Charlie Shrem is a famous in financial circles investor who has served one year in jail — instead of the two which he was sentenced to — for money laundering and running an illegal business in the sphere of funds transfer in connection with the BitInstant crypto exchange founded by him. On Thursday, major news outlets reported that Shrem had invested in Bitcoin with the Winklevoss twins in 2012.
The New York Times cited a legal complaint that the brothers initiated against Shrem in early autumn. As per the report, the investor acted as the twins’ first consultant on crypto and was entrusted with $750,000 to be spent on Bitcoin purchase for the Winklevoss. Then in September 2012, the twins gave Shrem another $250,000 to do the same, says the lawsuit. However, later the twins found out that the man had not given them all the Bitcoins, reportedly keeping some to himself.

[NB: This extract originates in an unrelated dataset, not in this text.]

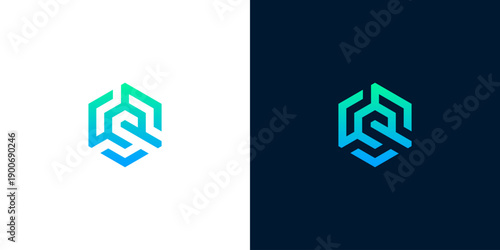 Modern abstract geometric cube or hexagon logo design with interconnected lines creating a sense of dynamic flow and digital connection, ideal for technology, business, or data branding initiatives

Now the twins state that they lack 5,000 BTC that is slightly under $32 mln at the today’s rate. Back in 2012, Bitcoin was going at just $12.50.
The twin investors say that their demand to Shrem to return the crypto was never responded. Curiously, the legal complaint mentions some quite expensive things Shrem bought after leaving prison in 2016. Earlier, he had claimed that he had no money left, but as soon as he got free, he purchased two Maserati cars, two motor boats, and some property in Florida worth $2 mln. The Winklevoss believe that everything was bought with the stolen Bitcoins.
The court documents have it that some of Shrem’s assets have been frozen by the judge from Shrem’s previous court case. The lawyer of the man in question says that Shrem is innocent and plans to set forth a vigorous defense in court and get his name cleared.
Shrem’s previous case
According to the protocol, Shrem, CEO of BitInstant exchange that no longer operates in the market, broke the AML rules when he started working with a client who had brought in $1 mln in BTC to a group of people who were purchasing narcotics on the darknet marketplace Silk Road.
However, one might say the investor got off easy by agreeing to transfer almost $1 mln to the disposal of the US authorities, but the documents filed in court now say that Shrem has never forfeited the money. This fact may well turn against him now.